DEFINING APPRECIATIVE LEADERSHIP

Whitney et al., define Appreciative Leadership as

“… the relational capacity to mobilize creative potential and turn it into positive power—to set in motion positive ripples of confidence, energy, enthusiasm, and performance—to make a positive difference in the world” (p. 3, 2010).

The work of Schiller, Holland, and Riley (2001); and Whitney, Trosten-Bloom, and Rader (2010) have been seminal and defining in Appreciative Leadership (AL).

Schiller et al. (2001) state that “Appreciative Leadership is more than an individual leadership style; it is a method and practice” (p. 2). Based on their investigations and the resulting Model of Appreciative Leadership (Appendix 4), they conclude that the following themes exemplify Appreciative Leadership:

Theme 1: Leaders are belief-based with an explicit spiritual orientation and practice.

Theme 2: Leadership lives in the group and not in any one person.

Theme 3: Multiple truths exist in ways of thinking, doing and being.

Theme 4: Appreciative Leaders have an unwavering commitment to bringing out the best in themselves and others.

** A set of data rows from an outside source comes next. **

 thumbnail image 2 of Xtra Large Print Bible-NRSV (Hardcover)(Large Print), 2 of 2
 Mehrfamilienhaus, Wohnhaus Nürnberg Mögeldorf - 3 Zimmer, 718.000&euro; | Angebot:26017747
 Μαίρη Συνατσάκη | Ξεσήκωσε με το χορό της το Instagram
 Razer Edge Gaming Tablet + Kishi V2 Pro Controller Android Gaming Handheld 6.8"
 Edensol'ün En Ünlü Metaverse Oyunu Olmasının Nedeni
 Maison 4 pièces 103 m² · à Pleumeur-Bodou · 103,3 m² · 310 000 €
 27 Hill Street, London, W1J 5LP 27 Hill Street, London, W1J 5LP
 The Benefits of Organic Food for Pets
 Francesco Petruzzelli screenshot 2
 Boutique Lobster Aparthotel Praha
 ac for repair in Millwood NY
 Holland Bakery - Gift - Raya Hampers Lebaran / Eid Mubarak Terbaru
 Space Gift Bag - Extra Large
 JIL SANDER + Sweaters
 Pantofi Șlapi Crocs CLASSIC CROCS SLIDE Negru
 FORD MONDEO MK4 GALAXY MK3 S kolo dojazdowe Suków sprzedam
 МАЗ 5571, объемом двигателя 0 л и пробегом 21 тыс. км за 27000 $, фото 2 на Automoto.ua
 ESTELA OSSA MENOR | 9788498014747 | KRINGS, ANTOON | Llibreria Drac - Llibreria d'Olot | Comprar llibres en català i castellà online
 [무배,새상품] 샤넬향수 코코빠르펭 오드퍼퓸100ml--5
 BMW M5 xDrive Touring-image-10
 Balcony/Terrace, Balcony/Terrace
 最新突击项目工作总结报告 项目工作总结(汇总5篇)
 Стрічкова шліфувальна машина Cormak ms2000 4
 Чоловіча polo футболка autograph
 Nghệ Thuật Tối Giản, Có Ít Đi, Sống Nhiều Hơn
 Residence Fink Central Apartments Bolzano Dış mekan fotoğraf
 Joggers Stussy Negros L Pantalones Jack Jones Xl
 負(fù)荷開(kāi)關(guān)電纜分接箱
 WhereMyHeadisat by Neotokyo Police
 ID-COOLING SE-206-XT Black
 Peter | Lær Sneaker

Theme 5: Appreciative Leaders find generative forces in their many circumstances and multiple systems (pp.162-167).

Whitney, Trosten-Bloom, and Rader (2010) assert that “Appreciative Leadership is a philosophy, a way of being, and a set of strategies that give rise to practices applicable across industries, sectors, and arenas of collaborative actions” (p. 3). Their view of AL encompasses four formative ideas:

  1. AL is about relational capacity;
  2. AL is a positive worldview;
  3. AL turns potential into positive power; and,
  4. AL sets positive ripples in motion.

A leader practicing the five core strategies of Appreciative Leadership is the change s/he wants for others and models the cultivation of character, liberation of others’ potential, fostering collaborations, designing innovative structures, and facilitating positive change (Whitney et al, p. 25). Based on their research, the authors derived Five Core Strategies of Appreciative Leadership. They are:

  1. Inquiry: Asking positively powerful questions; The practice of this lets people know that they and their contributions are valued.
  2. Illumination: Bringing out the best in people; People are supported to learn about and use their strengths and understand how to best contribute.
  3. Inclusion: Engaging with people to author the future; This gives people a sense of belonging resulting in a sense of ownership.
  4. Inspiration: Awakening the creative spirit; With a vision comes a sense of hope and direction. Creativity and energy are unleashed.
  5. Integrity: Making choices for the good of the whole; The example of giving our best sets the example for all. (pp. 23-24)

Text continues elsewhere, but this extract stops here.